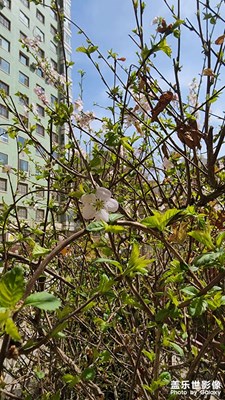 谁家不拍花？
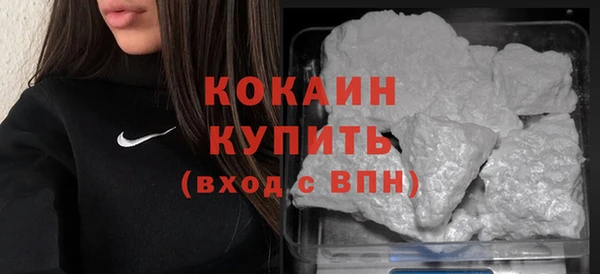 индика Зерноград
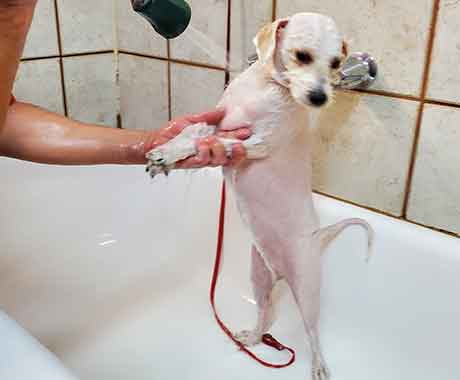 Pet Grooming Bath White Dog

################

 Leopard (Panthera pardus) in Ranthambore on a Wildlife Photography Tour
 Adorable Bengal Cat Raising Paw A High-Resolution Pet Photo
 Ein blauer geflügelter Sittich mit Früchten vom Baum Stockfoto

################

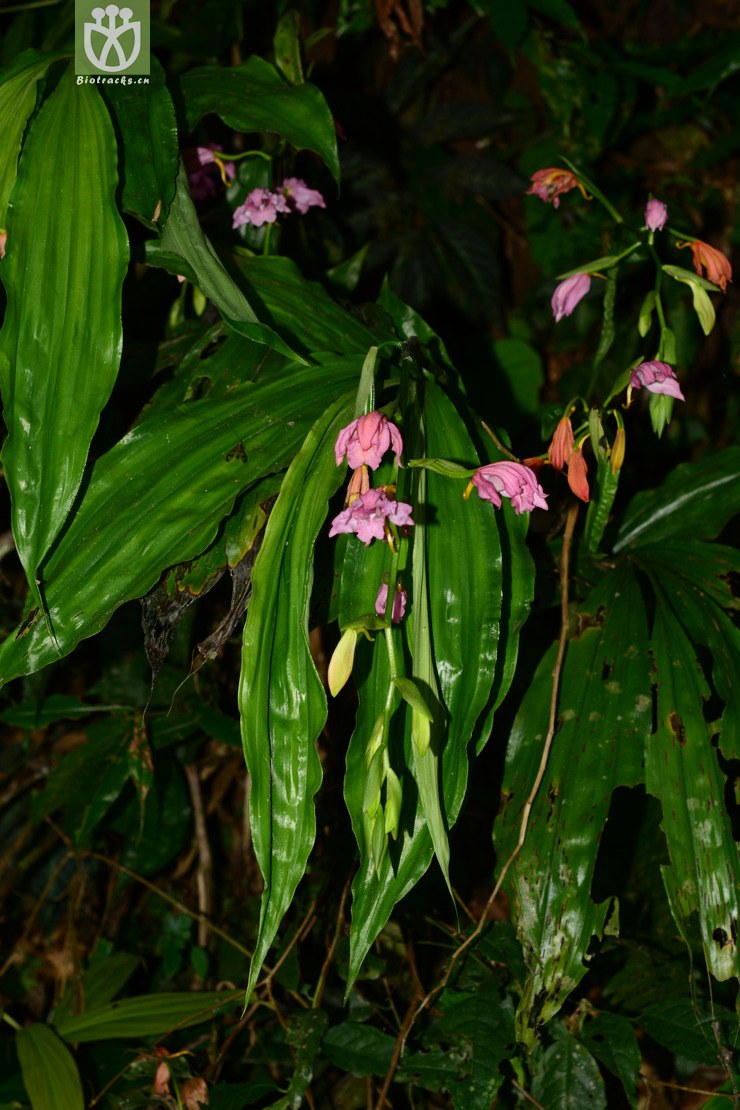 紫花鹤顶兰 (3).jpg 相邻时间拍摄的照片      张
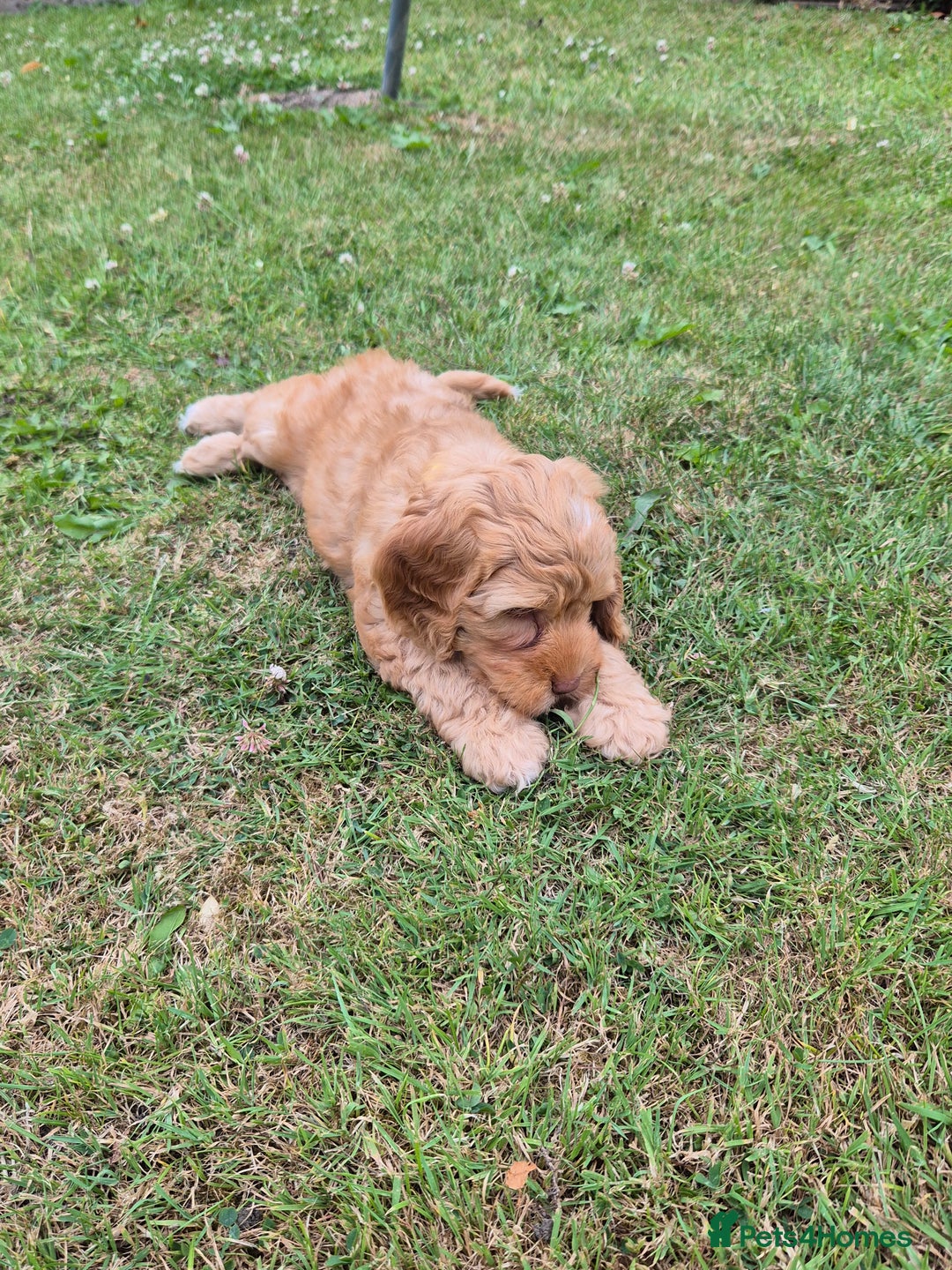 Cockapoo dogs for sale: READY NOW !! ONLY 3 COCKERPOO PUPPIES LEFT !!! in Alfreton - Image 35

################

PROBLEM: What you give back must be the stretch above, starting at the line with "Adorable Bengal Cat" and ending at the line with "Ein blauer geflügelter", copied exactly.

RESPONSE TO THIS EXERCISE:
 Adorable Bengal Cat Raising Paw A High-Resolution Pet Photo
 Ein blauer geflügelter Sittich mit Früchten vom Baum Stockfoto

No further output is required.